D. The Senior Debt Securities have been duly authorized by the
Company and, when executed by the Company and completed and authenticated by the
Trustee in accordance with the Indenture and delivered and paid for as provided
in the Underwriting Agreement, will have been duly issued under the Indenture
and will constitute valid and binding obligations of the Company entitled to the
benefits provided by the Indenture, except as enforcement thereof may be limited
by bankruptcy, insolvency, reorganization, moratorium or other similar laws
affecting the enforcement of creditors' rights generally or by general equitable
principles (regardless of whether enforcement is considered in a proceeding in
equity or at law).
E. The Registration Statement (Reg. No. 333-___) with respect
to the Senior Debt Securities filed pursuant to the Securities Act, has become
effective and remains in effect at this date, and the Prospectus may lawfully be
used for the purposes specified in the Securities Act in connection with the
offer for sale and the sale of Senior Debt Securities in the manner therein
specified.
The Registration Statement and the Prospectus (except the
financial statements incorporated by reference therein, as to which we express
no opinion) appear on their face to be appropriately responsive in all material
respects to the requirements of the Securities Act, and to the applicable rules
and regulations of the Commission thereunder.

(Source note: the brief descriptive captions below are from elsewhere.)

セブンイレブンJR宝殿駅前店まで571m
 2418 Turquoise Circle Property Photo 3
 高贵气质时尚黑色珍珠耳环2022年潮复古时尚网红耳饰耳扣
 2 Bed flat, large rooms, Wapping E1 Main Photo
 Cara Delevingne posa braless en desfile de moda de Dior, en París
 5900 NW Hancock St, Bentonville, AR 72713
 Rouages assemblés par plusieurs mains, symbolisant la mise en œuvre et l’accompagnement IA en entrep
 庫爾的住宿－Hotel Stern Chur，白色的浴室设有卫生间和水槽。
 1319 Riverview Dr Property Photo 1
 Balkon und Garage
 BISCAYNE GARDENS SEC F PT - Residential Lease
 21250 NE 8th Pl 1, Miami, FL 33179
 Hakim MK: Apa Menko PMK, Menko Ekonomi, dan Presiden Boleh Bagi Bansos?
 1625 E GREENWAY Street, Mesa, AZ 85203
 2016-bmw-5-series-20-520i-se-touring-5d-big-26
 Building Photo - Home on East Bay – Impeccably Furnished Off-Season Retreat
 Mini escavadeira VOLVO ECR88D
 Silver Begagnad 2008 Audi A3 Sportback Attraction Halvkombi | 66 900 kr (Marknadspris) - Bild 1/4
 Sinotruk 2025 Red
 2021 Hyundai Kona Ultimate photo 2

As to the statements relating to the Senior Debt Securities
under DESCRIPTION OF THE SENIOR DEBT SECURITIES in the prospectus initially
filed as part of the Registration Statement, as supplemented by the statements
under the DESCRIPTION OF THE
III-2
____ SERIES SENIOR DEBT SECURITIES in the Prospectus Supplement dated __, ____
(the Prospectus Supplement), we are of the opinion that the statements are
accurate and do not omit any material fact required to be stated therein or
necessary to make such statements not misleading. As to the statistical
statements in the Registration Statement (which includes the Incorporated
Documents), we have relied solely on the officers of the Company. As to the
other matters, we have not undertaken to determine independently the accuracy or
completeness of the statements contained or incorporated by reference in the
Registration Statement or in the Prospectus. We accordingly assume no
responsibility for the accuracy or completeness of the statements made in the
Registration Statement except as stated above in regard to the above captions.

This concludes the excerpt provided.